You may have existing reporting/visualization/statistical analysis tools that you wish to use to track, analyze, or report on your OpenClinica data. The most common method for doing this is using downloadable data extracts from the OpenClinica user interface.

However several other options exist, including using OpenClinica’s API, using the OpenClinica Insight reporting tools, using Insight’s API, or by establishing a direct read-only connection to the Insight data warehouse.

This guide provides an overview of accessing data through a direct read-only connection to the Insight data warehouse.

For existing institutional toolchains, such as SAS, Qlik, Tableau, SSRS, Shiny, Jupyter, Stata, R, Python, Power BI, etc, the customer can establish a direct, live, readonly connection with the Insight database. This method can also be used to incorporate your OpenClinica data into other databases via Postgres Foreign Data Wrappers (FDWs, or linked tables).
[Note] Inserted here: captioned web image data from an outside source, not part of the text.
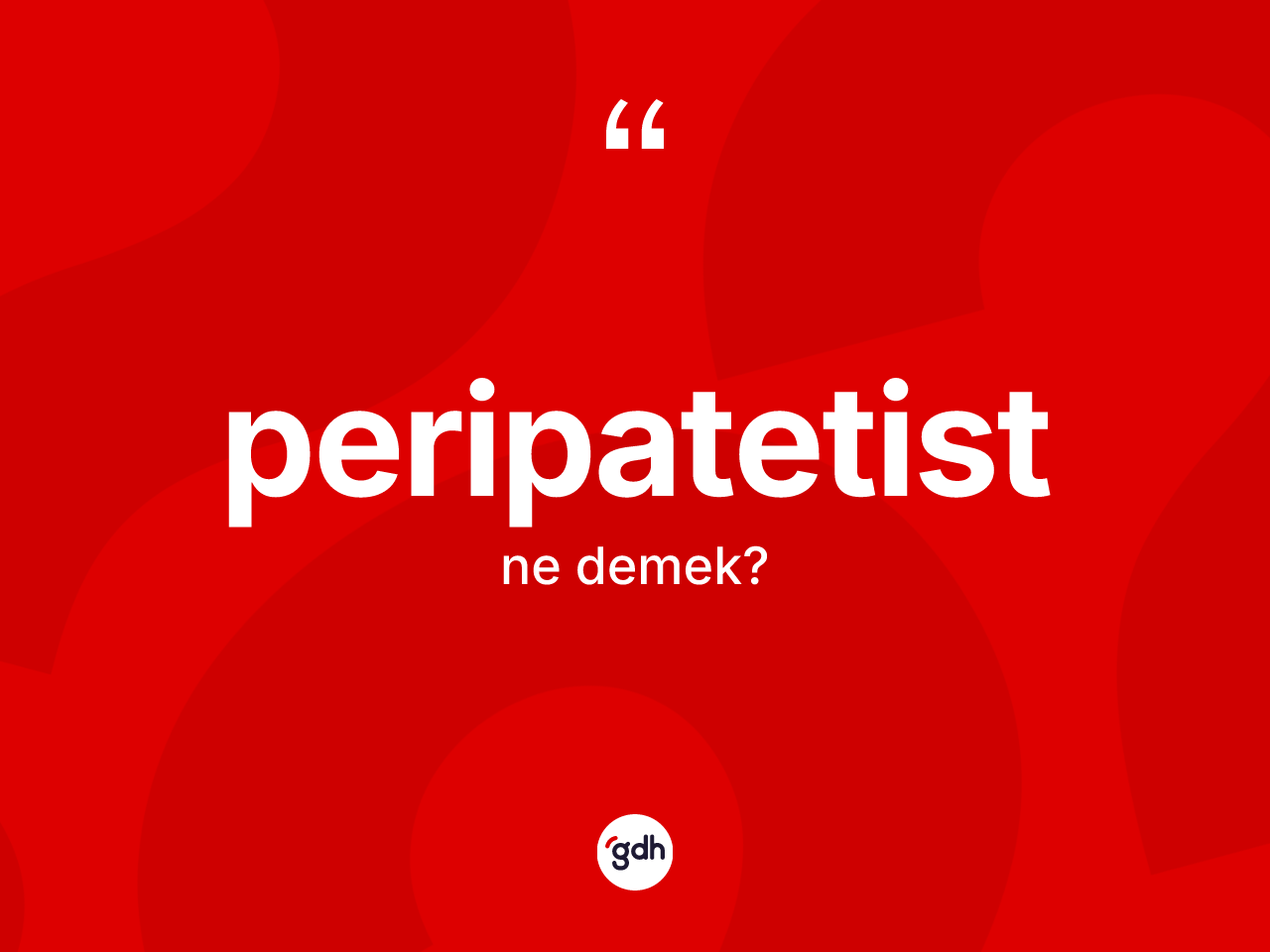 Peripatetist kelimesi nedir? Peripatetistin TDK'ya göre anlamı nedir?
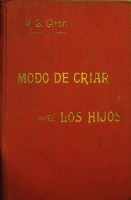 Portada de libro Modo De Criar Los Hijos. Educaci�n Fisica, Moral � Intelectual De La...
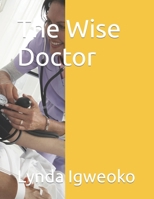 The Wise Doctor B0CPXNZZ14 Book Cover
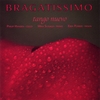 PHILIP HANSEN, MIKA SUNAGO, ERIN FURBEE: BRAGATISSIMO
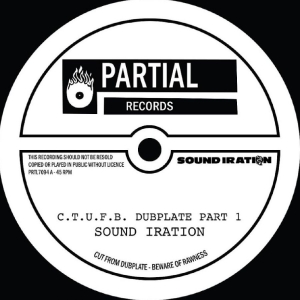 Sound Iration - C.T.U.F.B. Dubplate in the group OUR PICKS / Friday Releases / 2025-11-07 at Bengans Skivbutik AB (5648344)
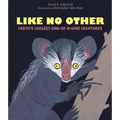 Like No Other: Earth's Coolest One-Of-A-Kind Creatures - Hardcover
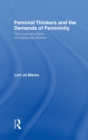 Image for Feminist Thinkers and the Demands of Femininity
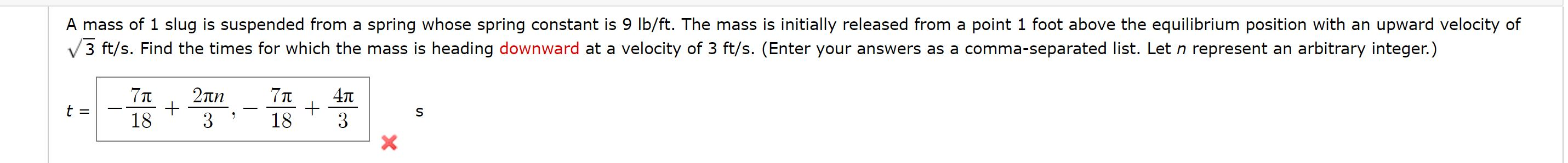 solved-a-mass-of-1-slug-is-suspended-from-a-spring-whose-chegg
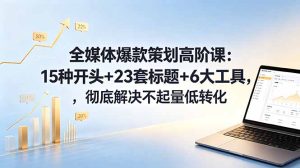 全媒体爆款策划高阶课：15种开头+23套标题+6大工具，彻底解决不起量低转化-KJ分享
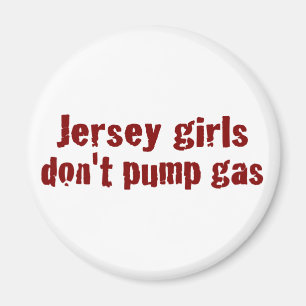 Jersey Girls niet pompgas (nieuw) Magneet
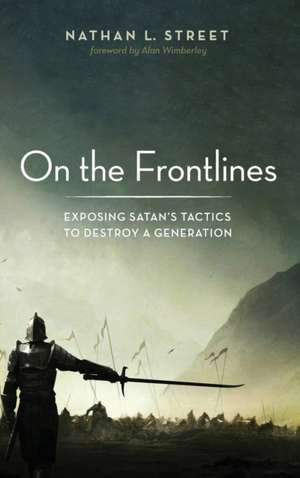 On the Frontlines de Nathan L. Street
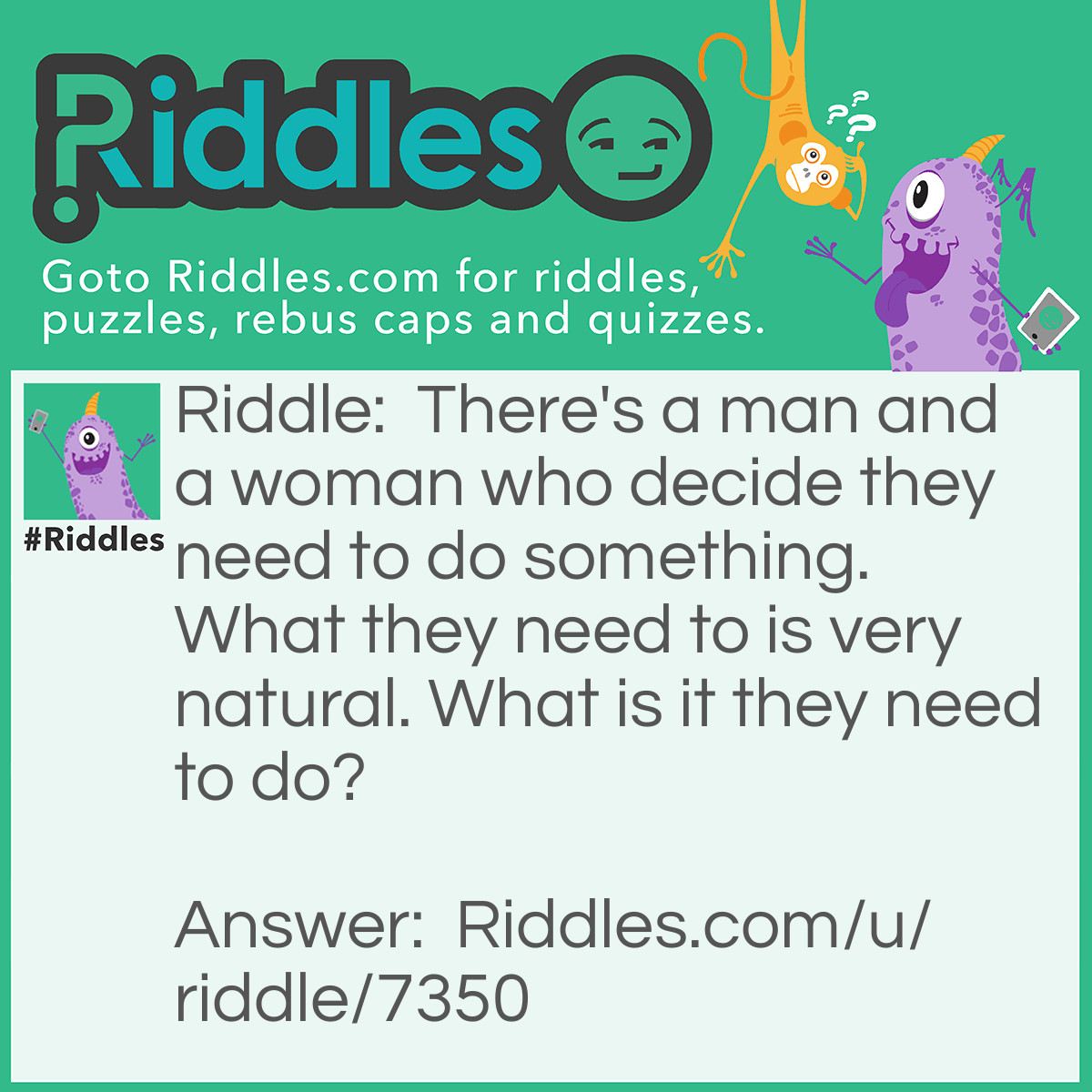 Riddle: There's a man and a woman who decide they need to do something. What they need to is very natural. What is it they need to do? Answer: Take a shower.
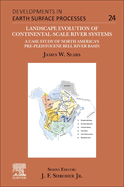 Landscape Evolution of Continental-Scale River Systems: A Case Study of North America's Pre-Pleistocene Bell River Basin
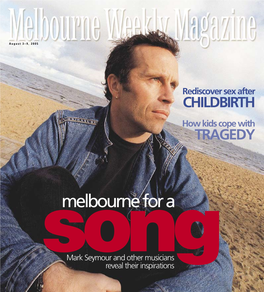 Melbourne for a Song August 3-9, 2005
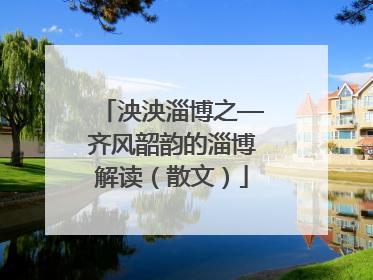 泱泱淄博之—齐风韶韵的淄博解读（散文）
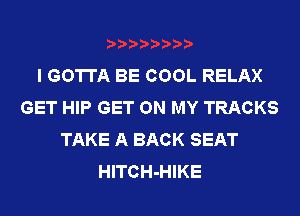 I GOTTA BE COOL RELAX
GET HIP GET ON MY TRACKS
TAKE A BACK SEAT
HITCH-HIKE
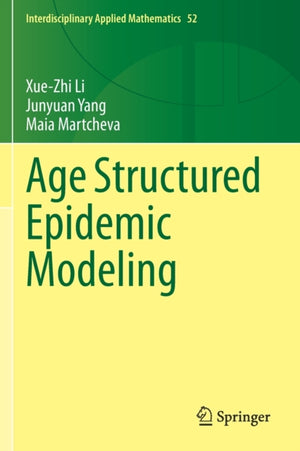 Age Structured Epidemic Modeling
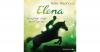 Elena, Ein Leben Pferde: 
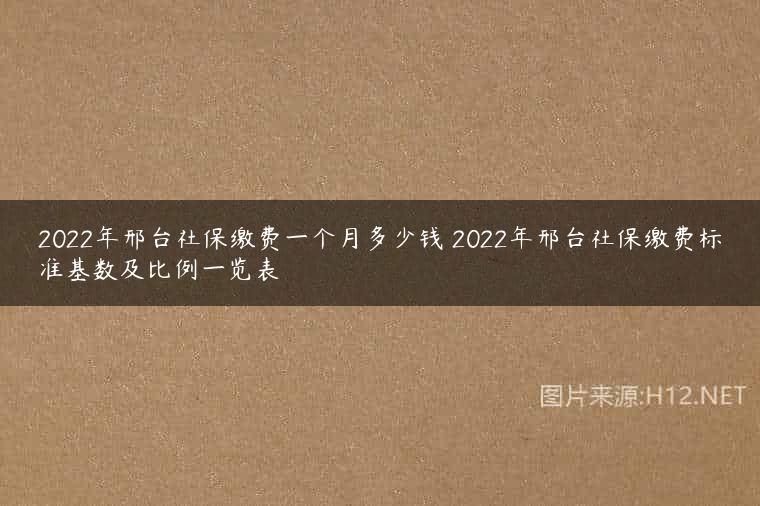2022年邢台社保缴费一个月多少钱 2022年邢台社保缴费标准基数及比例一览表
Since the Insight back-end is a PostgreSQL database, allowing connections is a matter of setting up a secure, read-only database connection.

Pros: 

  • Works where SSH does: Linux, Windows (PuTTY), etc.
  • Use the tool of your choice, so long as it supports remote connections
  • Live access to data, not snapshots as in data extracts (can be pro & con)

Cons: 

  • Mostly static data permissions (schema-level)
  • User management is separate from the OpenClinica and Insight web interfaces
  • OpenClinica team will support setup and maintenance of your connection however assistance with connectivity and use of your particular tool (such as SAS or Tableau) is best-effort. We are not able to support the wide variety of possible clients (SAS, Tableau, Power BI, etc) and cannot guarantee end-to-end connectivity, functionality, or level of service.

There are three main aspects to the set up: 

  1. Securing the connection itself
  2. Authenticating the user that is connecting, and 
  3. Defining what the user is authorized to do. 

We do this with a secure, read-only, direct interface to the Insight Data Warehouse, via an SSH tunnel. It will require the involvement of your internal IT team 

Technical Information

Connections to the Insight back-end (PostgreSQL) database are secured by using a SSH tunnel via a jump host.

A “jump host” means that your Insight server is not directly reachable from the Internet, so instead connections are made via an intermediate server that is reachable from the Internet but from which connections are allowed to the Insight server.

A “SSH tunnel” means that the nature of the connection to Insight will be via a SSH (secure shell) session between your computer (or server) and the jump host. This SSH session is then configured to forward database connection requests to a certain local port (such as 65432) to the Insight server’s and database port (such as 5432). Database traffic forwarded in this way is secured.

In order to configure back-end connections on the OpenClinica side, 3 items are required:

  1. The IP addresses from which you will connect. This could be your computer IP, or a server IP. This is used to restrict access to the jump host to only those nominated IP addresses, for additional security.
  2. The user names and a “PEM” format SSH public key (see below) for the user(s) that will connect. If you are setting this up for a server then there could be just one “service account” type user, or there could be multiple individual users.
  3. For each user, which study environment(s) / schemata that they should have access to. The Insight “databases” shown in the Metabase front-end are actually database schemata. The default is access to all schemata, but it is possible to assign read access to one schema or many.

Note: You will be asked to provide each of these 3 items to OpenClinica as part of the support ticket to set up the backend connection.

The exact configuration of back-end connections on your side depends on the intended setup. A SSH client will be required on your computer or server. On Linux, SSH is installed by default (ssh). On Windows, there is a SSH tool called “PuTTY” which has a user friendly interface. Alternatively on Windows, “Git for Windows” (Git is a change tracking tool) comes with a Windows version of Linux’s SSH tool.

The following links describe how to create SSH keys (for step 2):

Please be sure to use a passphrase for your keys so that they cannot be used if they fall out of your possession. Once you have generated the key(s) please provide the public key(s), which will be the file(s) whose name ends in “.pub”. Please do not share the private key(s).

The steps to set up the SSH tunnel is specific to the tool being used, so these can be provided when you let us know what you will be using. For either PuTTY or ssh, it is reasonably straightforward.

Once the SSH tunnel is in place, it will be possible to connect to the Insight back-end PostgreSQL server. If using ODBC, the “psqlODBC” driver will need to be installed on the connecting computer/server (https://odbc.postgresql.org/). This driver allows applications to talk to PostgreSQL in the ODBC protocol. Then, either a DSN or connection string can be set up in the desired application. We can provide examples of these with your settings.